Оправдывая лучшие из ожиданий, Сид вместо ответного поцелуя указал Мадлен на дверь:
— Ты не у себя в комнате. И не у меня. У тебя совесть вообще есть?
— А у тебя прямо-таки есть, — Мадлен усмехнулась, резко толкнула его на кровать и забралась сверху. — Вчера как будто не было. Или ты стесняешься этого нелепого уродца? — Она обернулась в сторону Фрэнки и презрительно добавила: — Мне вот все равно, для меня он пустое место.

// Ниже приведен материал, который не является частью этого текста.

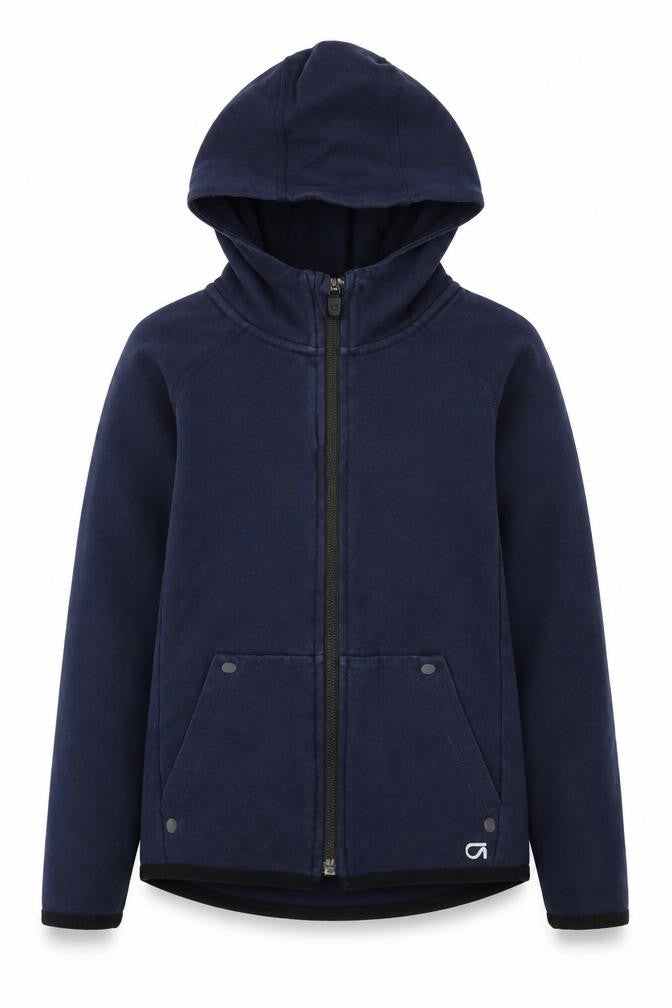 Gap Girls Blue Full Zip Hoodie Size 5 Years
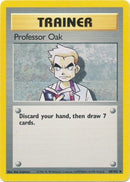 Professor Oak (88/102) [Base Set Unlimited] - Destination Retro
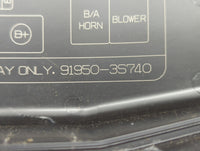 2011-2014 Hyundai Sonata Fusebox Fuse Box Panel Relay Module P/N:VS912003Q293YA VS912003Q193M0 Fits Fits 2011 2012 2013 2014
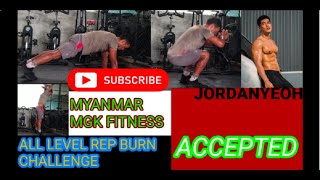 All-Level Rep Burn Workout Challenge Accepted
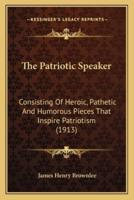 The Patriotic Speaker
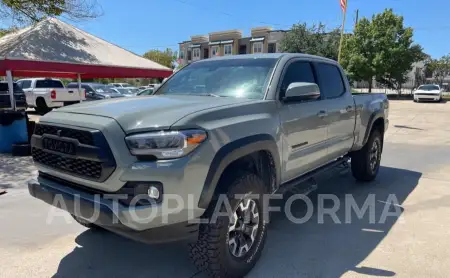 TOYOTA TACOMA DOU 2023 vin 3TMDZ5BN7PM157061 from auto auction Copart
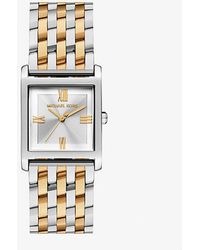 Michael Kors - Petite Georgie Two-Tone Watch - Lyst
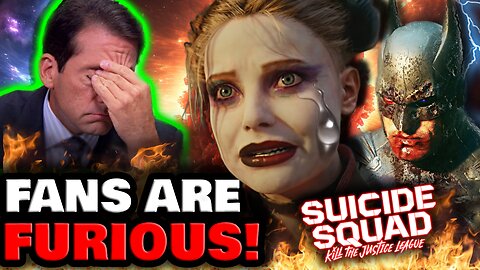 Suicide Squad Kill the Justice League game is DOOMED! | The Fans are FURIOUS!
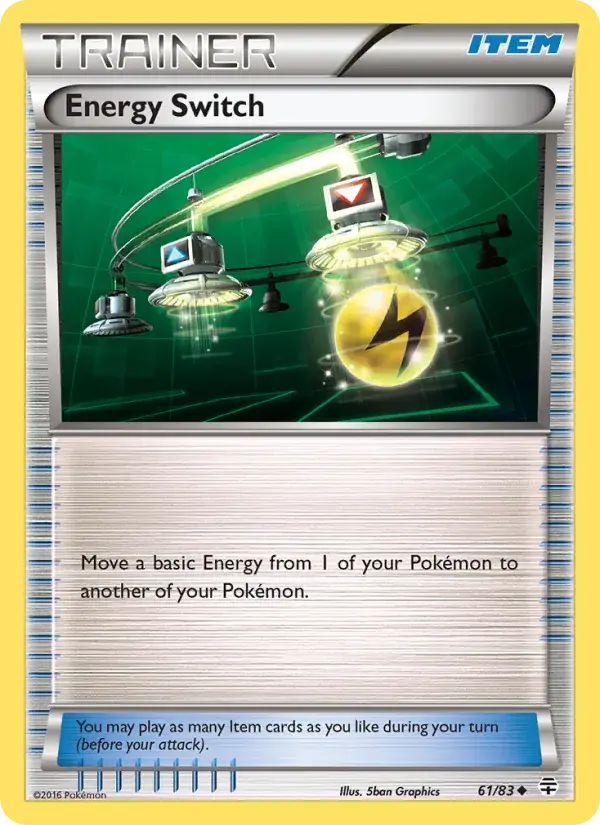 Energy Switch - 61/117 - Generations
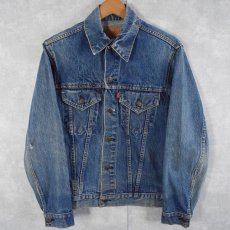 画像1: 80's Levi's 70505 USA製 デニムジャケット SIZE36 (1)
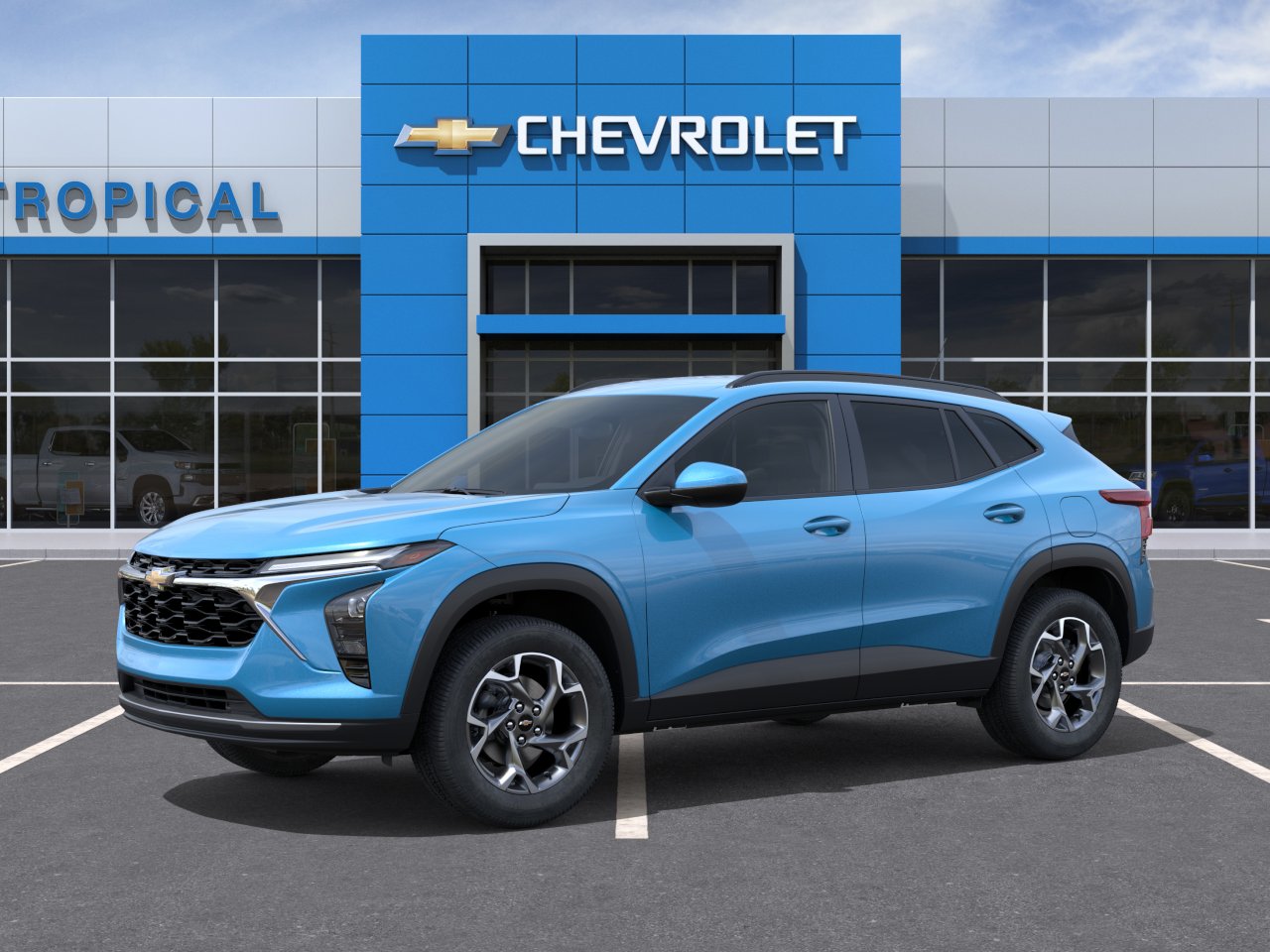 New 2026 Marina Blue Metallic Chevrolet LT image 2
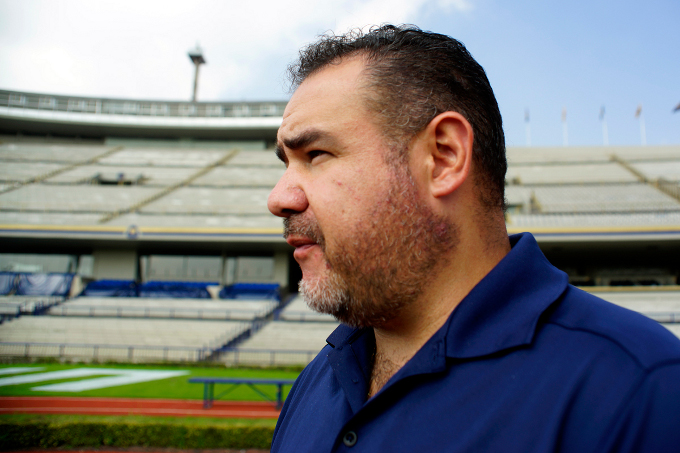Raúl Rivera coach de Pumas CU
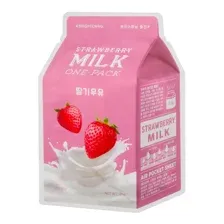Маска для лица тканевая A'Pieu Strawberry Milk One-Pack (21г)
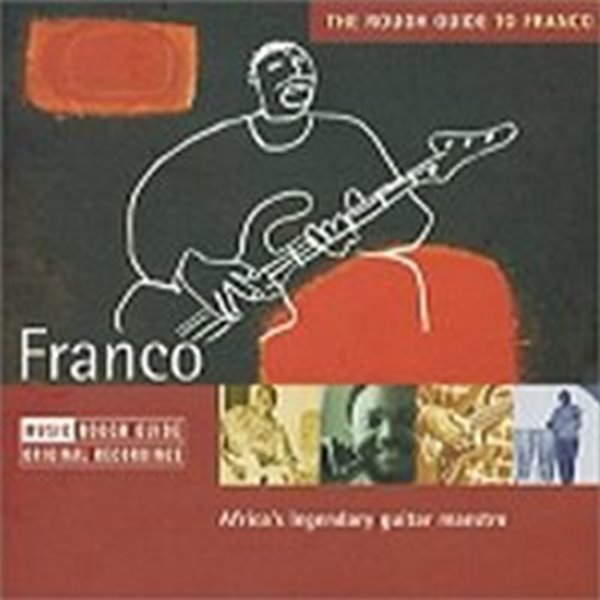 [미개봉] Franco / The Rough Guide To Franco (오리지널 레코딩 시리즈) (수입)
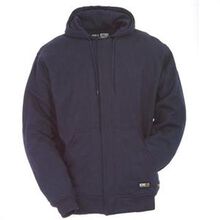 Sudadera con capucha cremallera frontal Berne FR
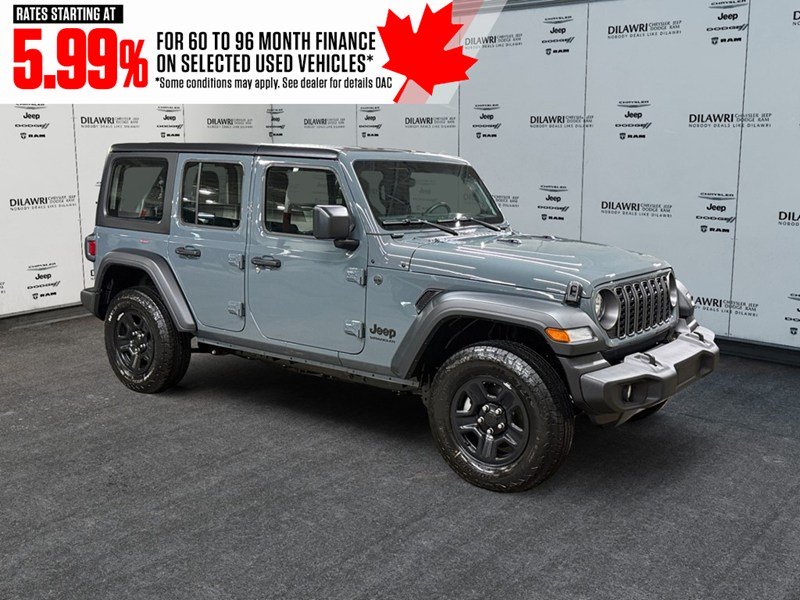 2025 Jeep Wrangler Sport 4 Door 4x4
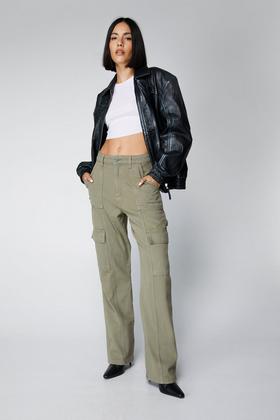 Rosé Cargo Pants – Luxe Living Fashions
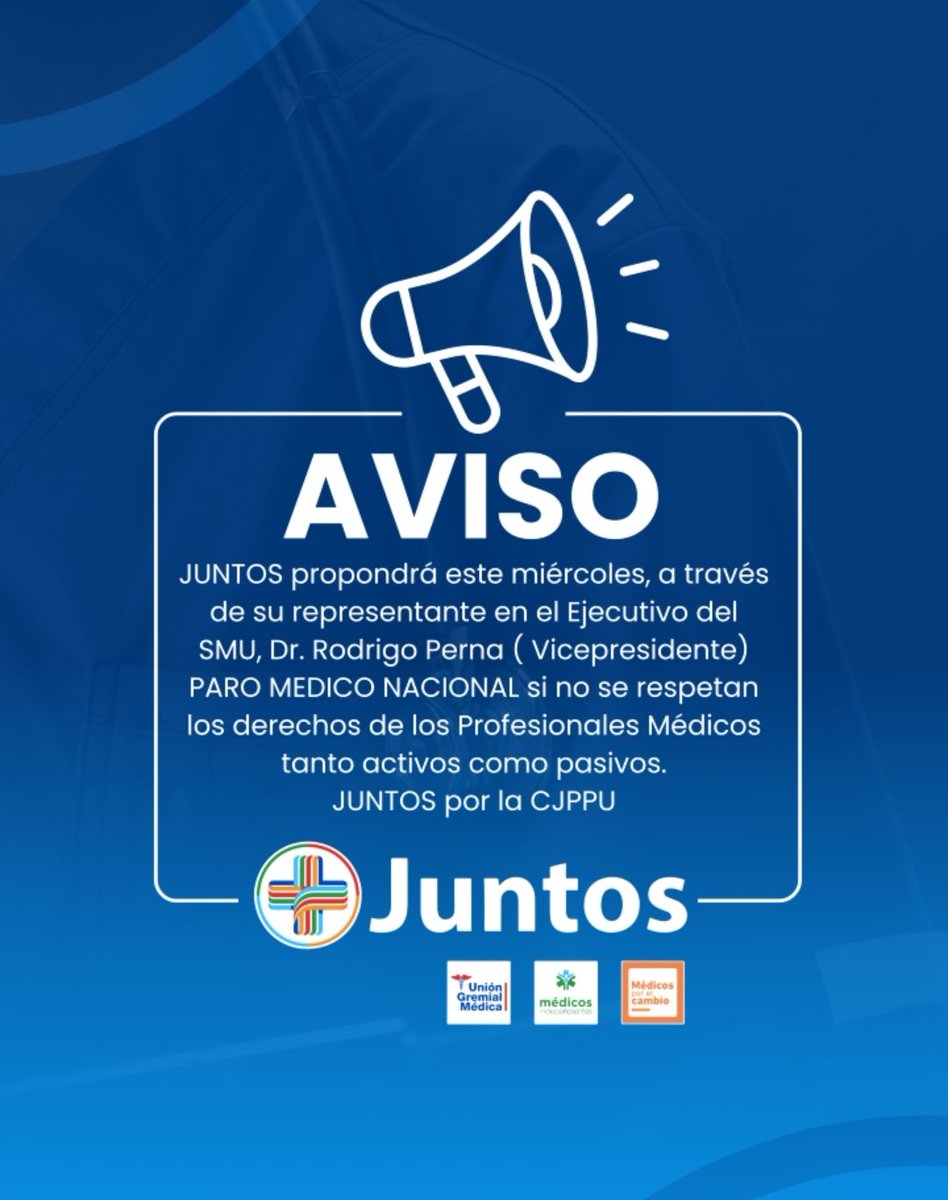 Me interesa que se sepa que la Caja Profesionales puede arreglarse únicamente con lo que corresponde a la CJPPU. Ya dicho hasta el hartazgo y propuesto por varios colectivos.
Ya modificaron la ley que ellos mismos plantearon y decían que NO. Pueden seguir mejorándola!
Respeten!!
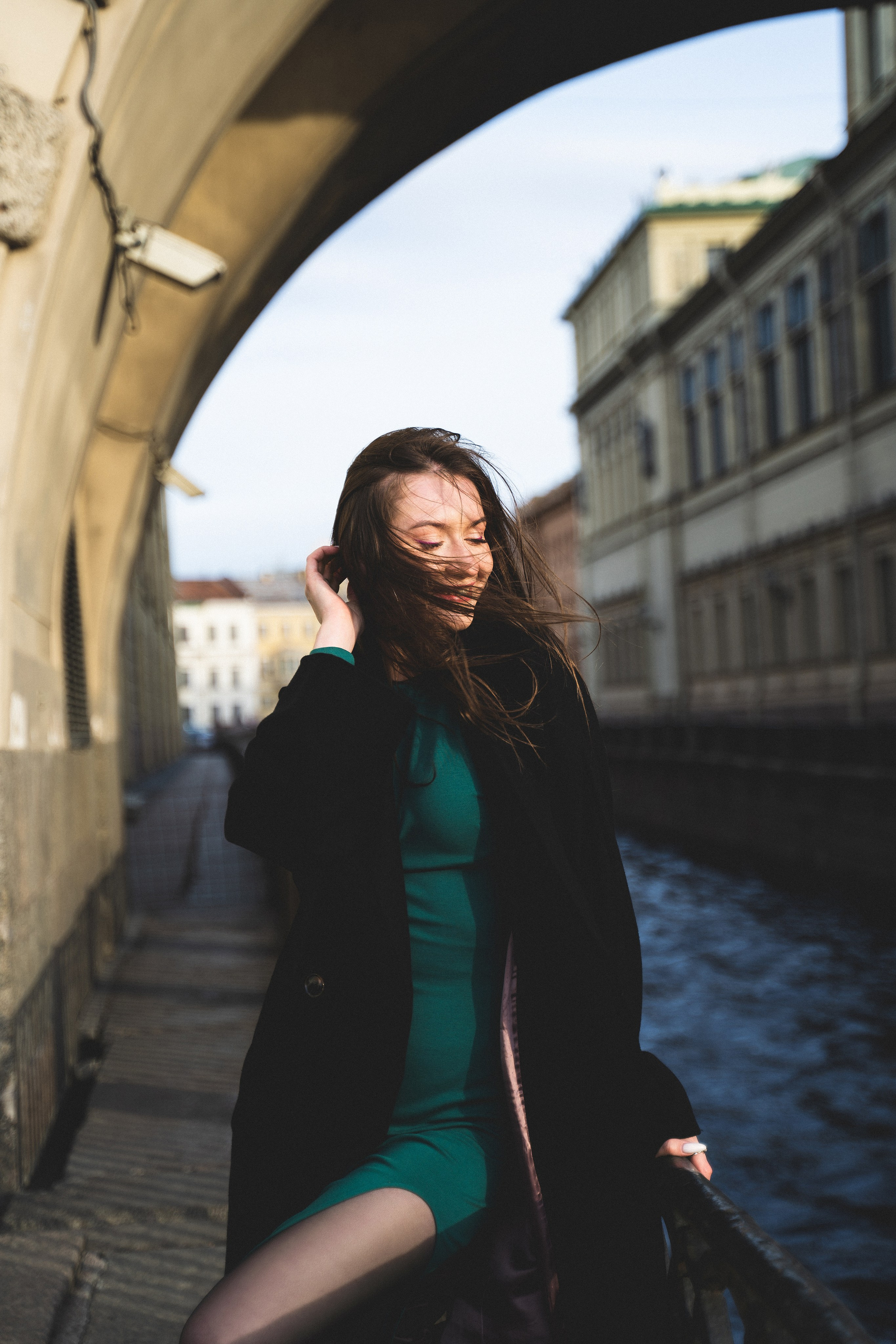 Закат, ветер, булки…. Визуальный художник «Границы внутри»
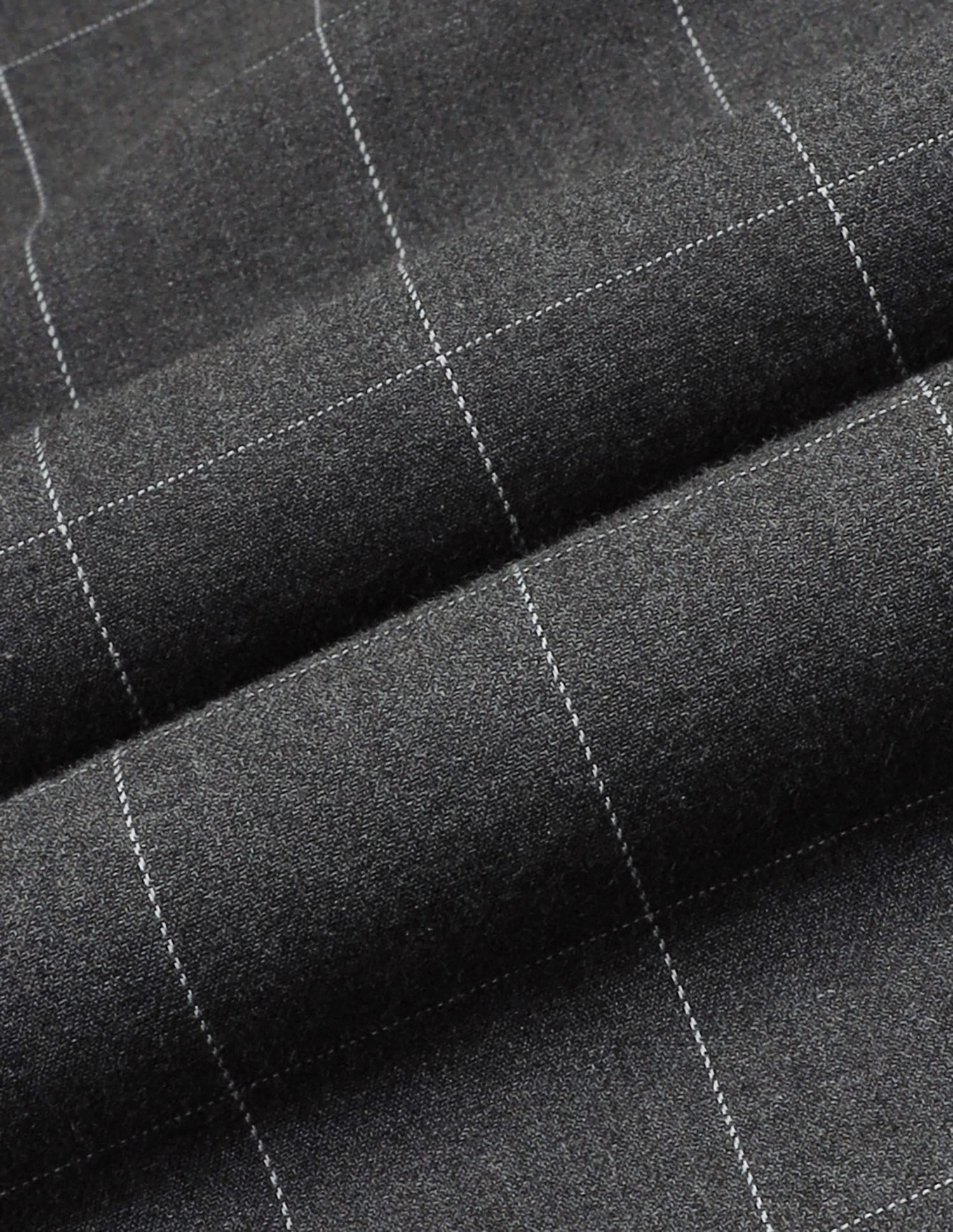 Windowpane Checked Modern Slim Fit Shirt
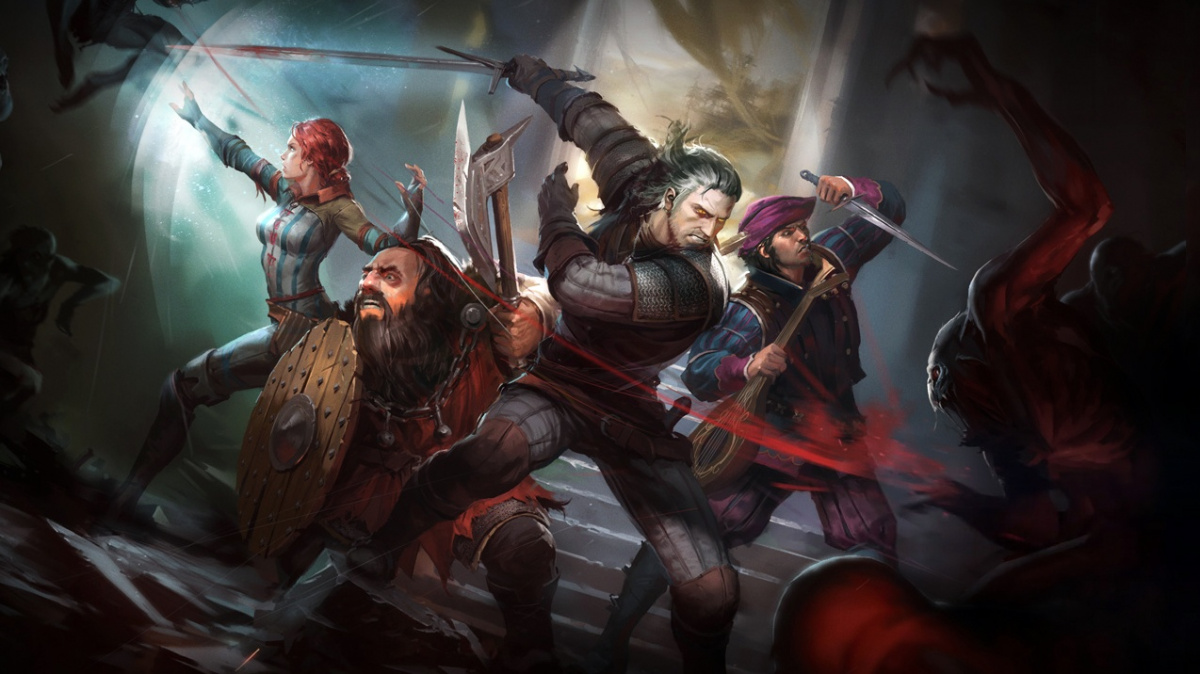 Desková hra na motivy Zaklínače nabídne hru za čtveřici postav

В этот момент Сид схватил ее за плечи, опрокинул на подушки и таким образом поменялся с ней местами. Запястья Мадлен оказались перехвачены и прижаты к постели. Ее волосы разметались по покрывалу смятым дождем, грудь высоко вздымалась и опускалась. Как много Фрэнки отдал бы за то, чтобы прикоснуться к ней сейчас! Но не мягко, не трепетно, как мечталось ему четыре года назад, без следа нежности; как он хотел бы сдавить ее точеную шейку и наслаждаться ее агонией! А заодно и Сида придушить, предателя, лжеца, растоптавшего его доверие! Еще вопрос, с кого бы лучше начать; но позорно ватные ноги не позволяли ему даже встать, а если бы он издал хоть звук, получился бы невнятный писк. Какое уж там возмездие!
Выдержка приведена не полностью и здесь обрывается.